Супермодель в лучах смерти - Михаил Рогожин
Шрифт:
Интервал:
Закладка:
Апостолос приказал матросу сервировать завтрак. Кабанюк мгновенно оживился и рассказал, что взял с собой в круиз только шмат домашнего сала. Потому что если он два дня не ест сало с чесноком, то перестает чувствовать себя работоспособным.
— Над чем же ты собираешься здесь работать? — съязвил Лавр.
Василий Васильевич Правоторов, услышав вопрос, рассмеялся и впервые подал голос;
— Он уже трем конкурсанткам ввернул свои визитки. А две девки, видать, из этих… сами потащились в его каюту. Он испугался. Потому что деньги отложил только на одну.
Янис похлопал Кабанюка по круглому плечу и заверил:
— Петро, я сам займусь подбором девушек для тебя. С юности привык уважать начальство.
— Давай, дорогой, я тебе отплачу, колы к нам приедешь.

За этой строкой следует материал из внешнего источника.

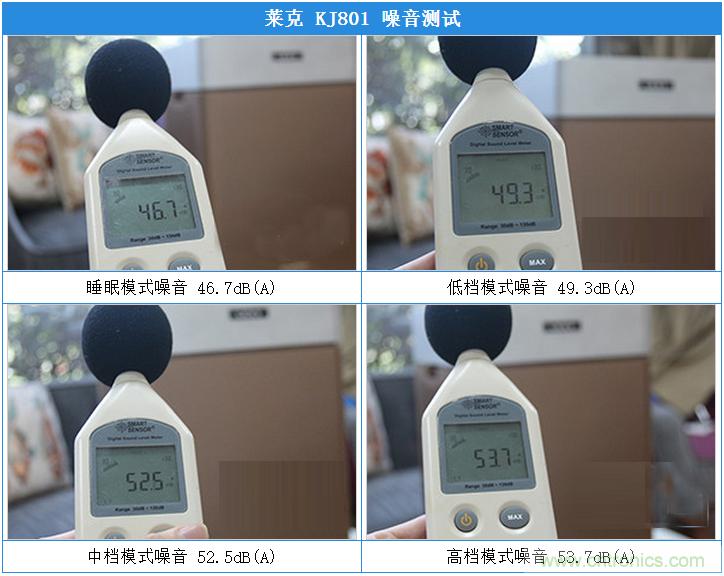 萊克KJ801空氣凈化器評測：超大空氣潔凈量！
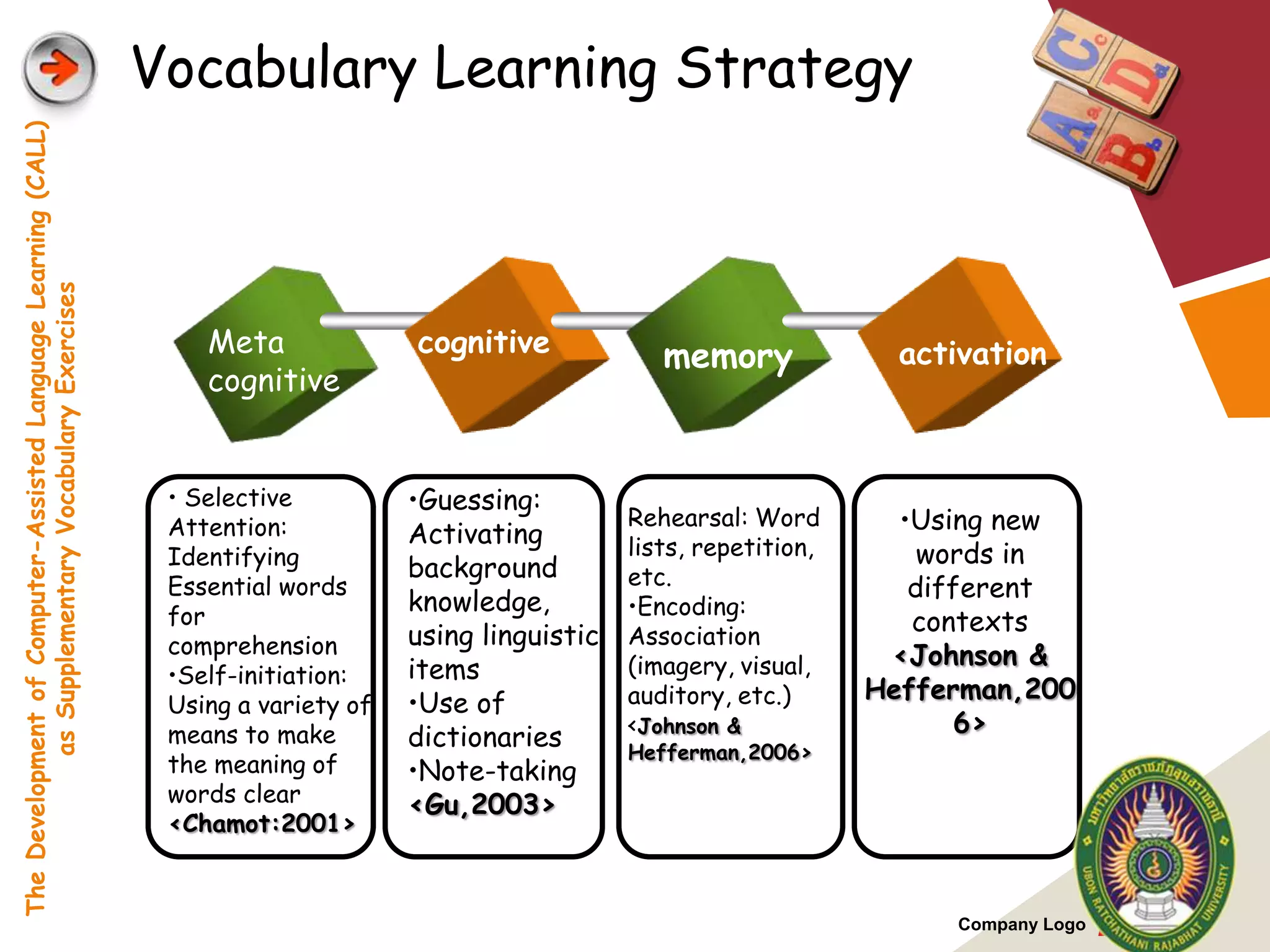Vocabulary Learning Strategy
The Development of Computer-Assisted Language Learning (CALL)
            as Supplementary Vocabulary Exercises




                                                                    Meta              cognitive             memory              activation
                                                                    cognitive


                                                                 • Selective          •Guessing:
                                                                 Attention:           Activating
                                                                                                         Rehearsal: Word        •Using new
                                                                 Identifying                             lists, repetition,       words in
                                                                                      background         etc.
                                                                 Essential words
                                                                                      knowledge,                                 different
                                                                 for                                     •Encoding:
                                                                                      using linguistic   Association
                                                                                                                                 contexts
                                                                 comprehension                                                 <Johnson &
                                                                 •Self-initiation:    items              (imagery, visual,
                                                                                      •Use of            auditory, etc.)      Hefferman,200
                                                                 Using a variety of
                                                                 means to make        dictionaries       <Johnson &                 6>
                                                                                                         Hefferman,2006>
                                                                 the meaning of       •Note-taking
                                                                 words clear          <Gu,2003>
                                                                 <Chamot:2001>


                                                                                                                                    Company Logo   LOGO
 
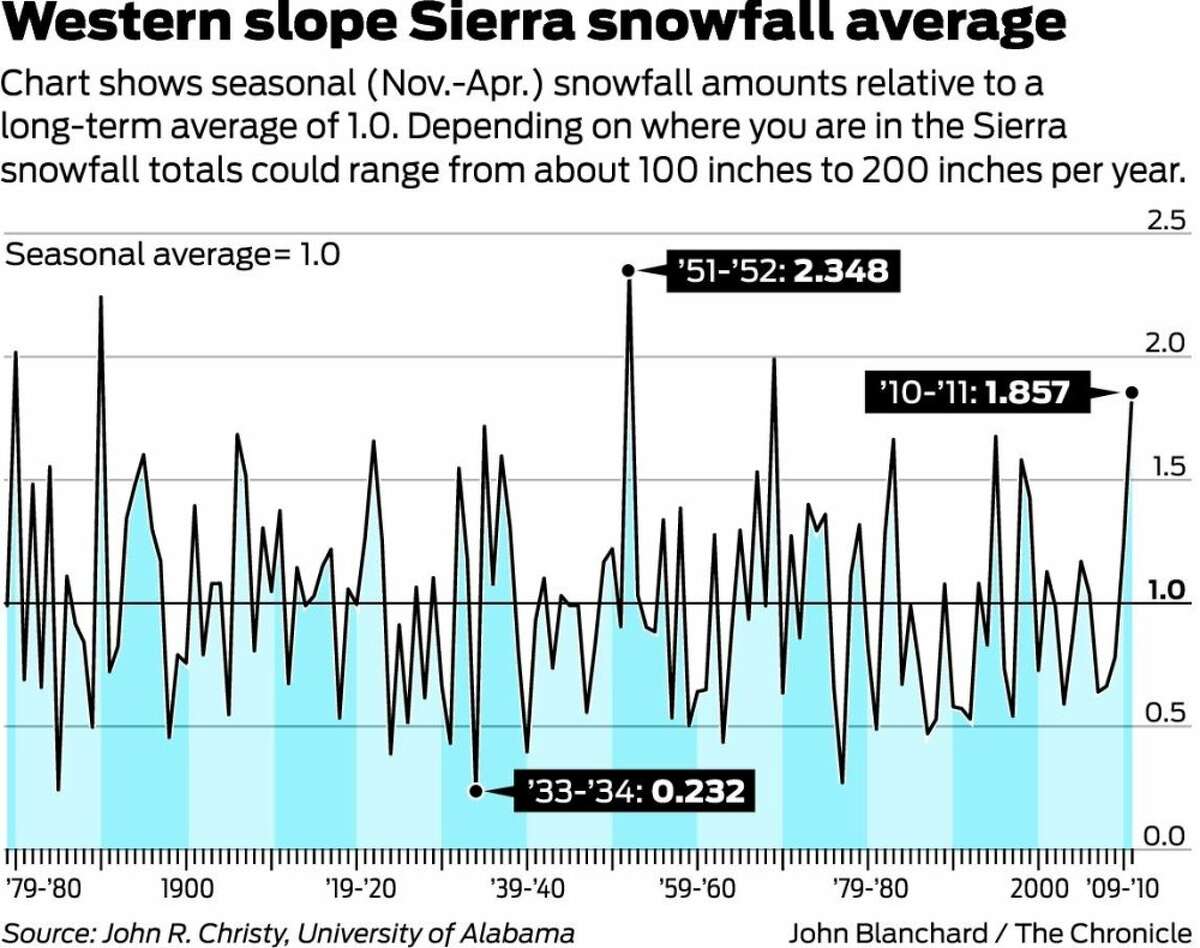 Study Sierra snowfall consistent over 130 years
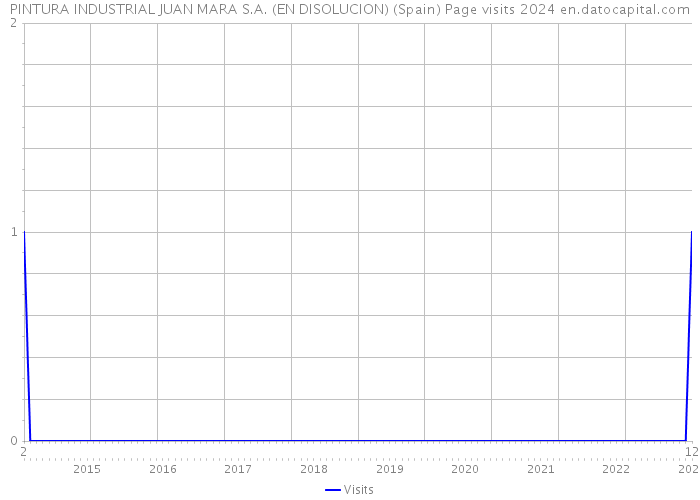 PINTURA INDUSTRIAL JUAN MARA S.A. (EN DISOLUCION) (Spain) Page visits 2024 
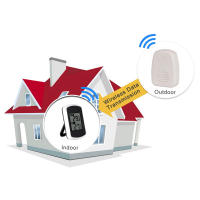 Termómetro Digital Inalámbrico Para Interior Y Exterior Medidor De Temperatura Y Clima Ambiental Tester De Precisión Alta - details 3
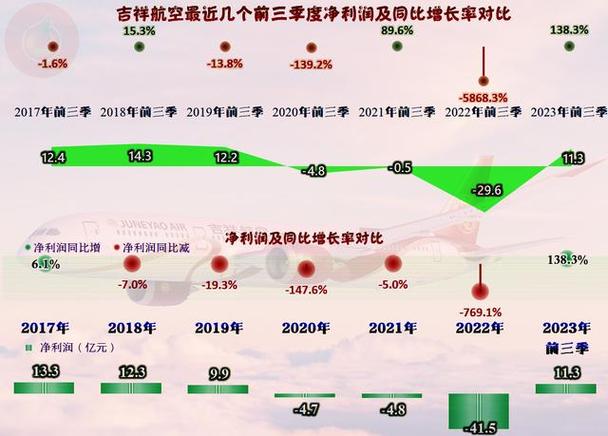 吉祥航空股票(吉祥航空股票历史比较高价) 吉祥航空股票(吉祥航空股票历史比较高价)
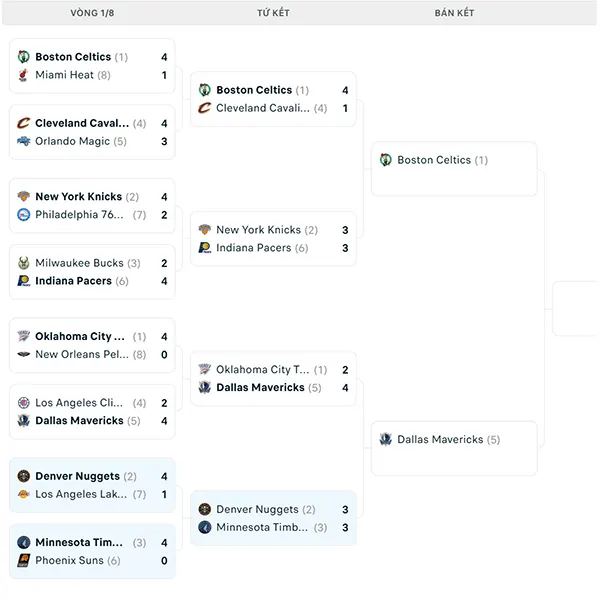 Nhánh đấu NBA Playoffs 2024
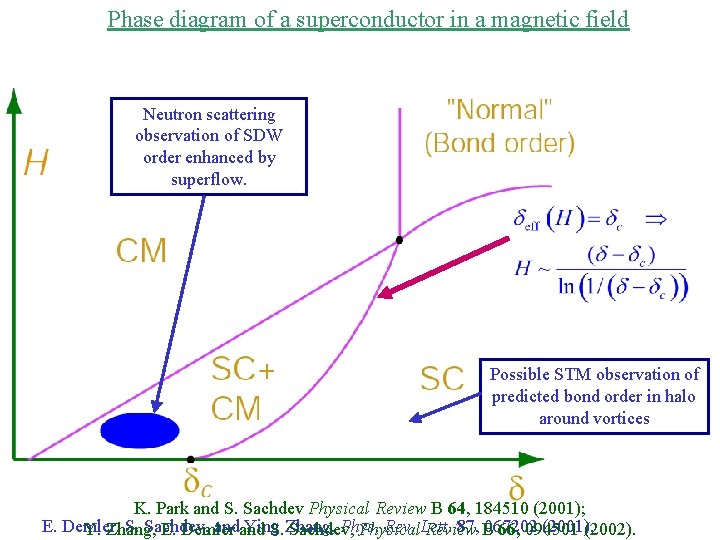 Phase diagram of a superconductor in a magnetic field Neutron scattering observation of SDW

— Девками? — воскликнул Янис, сверкнув золотыми зубами.
— Та не… природными ресурсами, — подмигнул ему Петро.
Тут открылась дверь, и матрос ввез тележку с закусками и бутылками.
Всех присутствовавших, включая Апостолоса, охватило возбуждение.
Правоторов подошел к Маркелову и шепотом выяснил важную для себя вещь:
— Никто не настучит в Москву, чем мы тут занимаемся? Все-таки выпивка, дамочки… Моему статусу это как бы противоречит.
— Мы заставим какого-нибудь корреспондента написать, что депутат Правоторов с утра до ночи на борту греческого корабля размышлял о судьбе демократии в России… — без всякой улыбки успокоил его Маркелов.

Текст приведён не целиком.